“What is our average compa-ratio, Jim?” asked the CEO as I sat down to report on our annual focal exercise.
Having been through enough of these meetings over the years, of course I had the answer; as a matter of fact, I had it calculated not only for the whole company but for each division, each country, and each corporate function. But I didn’t want to just spout off the answer, I wanted to educate him about how to think differently about his labor costs. Unfortunately, he had worked with enough compensation professionals over his storied career and had been taught by each and everyone that if he could just get the compa-ratio to 1.0, another year could be put in the books.
“We ended at 0.99,” I said, “but what I really wanted to review with you was…”
“That’s great Jim, and tell your team that Jerry thinks they did a grrreat job! Could you ask Kathy to come in here on your way out?”
I shook my head again as I headed for the door. Not only because he still referred to himself in the third person, but again I was not getting the sort of traction that would really make a difference in the company’s performance. I mumbled to myself, “Yes Jerry, it’s just wonderful to know that all your averages are aligned. In addition, do you know you have 20% more Senior Professionals than your competitors? Do you know that when it all adds up our labor costs are 4.5% more than your competitors, and on a $200M payroll, that’s $8M, or about $0.05 per share?”
As the aisle row occupants of cubeville stared at me talking to myself again, I decided I needed a better approach than expecting the CEO to just nod his head and hang on my every word. What I needed was a few more people with some time and some skin in the game in order to make the difference bottoms-up rather than top-down. I needed people with shortages of resources to get their jobs done. I needed Human Resources.
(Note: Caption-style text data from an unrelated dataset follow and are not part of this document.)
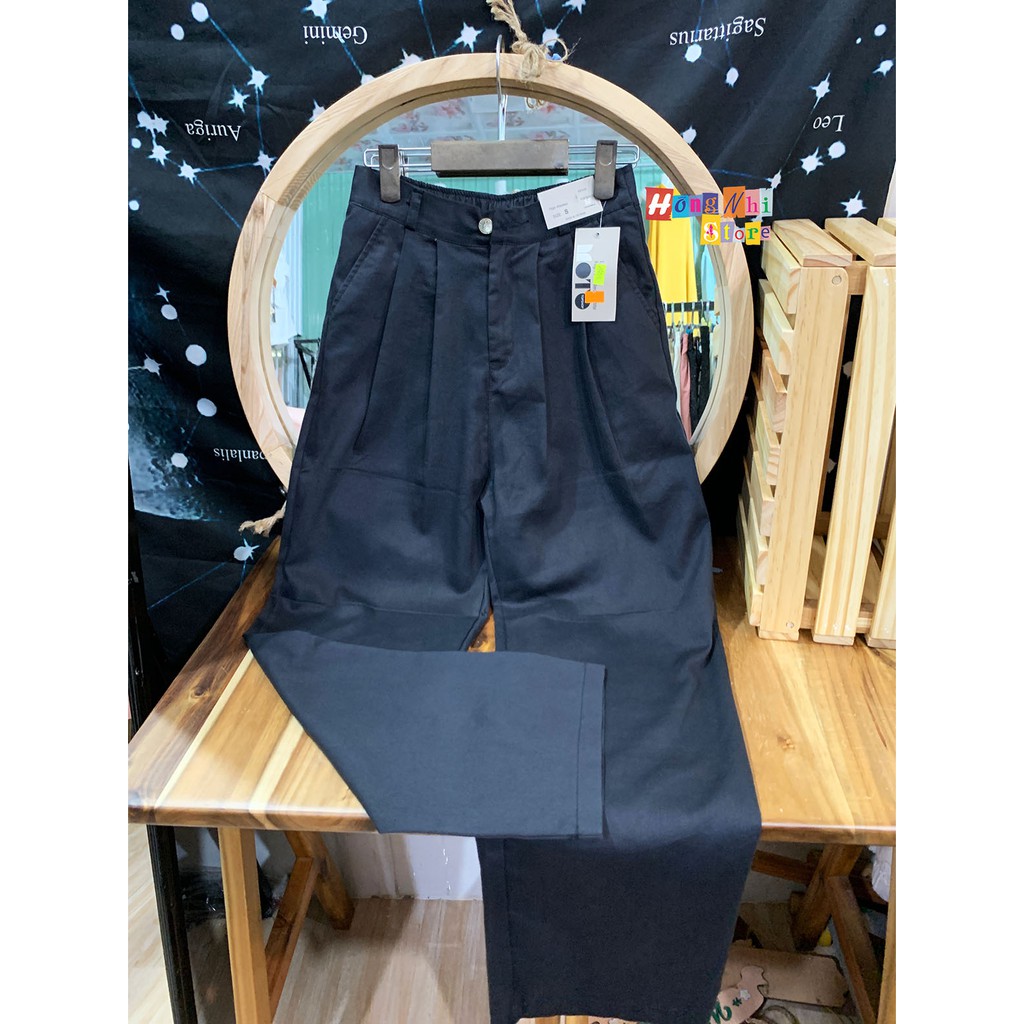 Quần Baggy Kaki Jean Dài Ống Rộng, Quần Culottes Dài Co Dãn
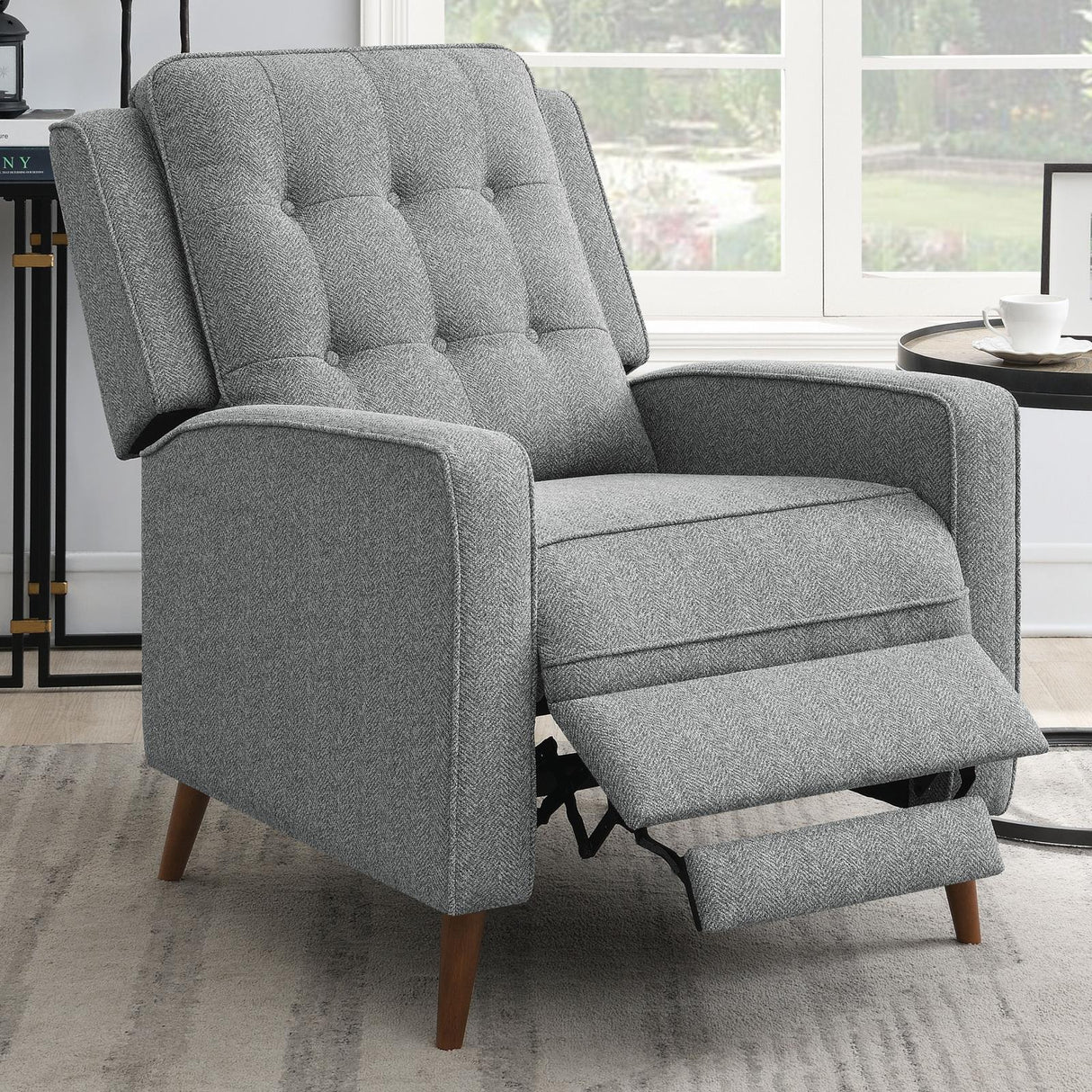 Davidson Upholstered Tufted Push Back Recliner Gray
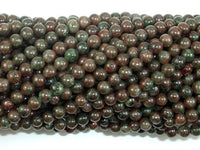 Red Green Garnet Beads, 4mm Round Beads-RainbowBeads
Even then it was a hard sell. I had a solution looking for a problem. I finally found an ally in the HR Director of the Technical Services organization, a group that was in the process of trying to manage global labor costs through a planned migration to lower cost-of-labor markets and away from some of our higher-cost US urban locations.
It didn’t take long for her to get it – it seemed she was “high-potential” after all! Her organization’s costs and associated factors looked something like this, with these assumptions:
- Our average wages were the same as the market at each job family level
- Our benefits were equal to the market, 35% of base pay
- Our incentive targets were competitive and identical to the market
The difference in how we’d looked at this in the past was taking off the “Jerry Glasses” and looking at the data in a whole different way – our total labor costs, not just our average labor costs… our “Portfolio” of employees. You see, you have choices in how you manage the decisions around factors and variables that make up your labor costs, even while maintaining the typical “50th percentile” strategies that so many companies employ.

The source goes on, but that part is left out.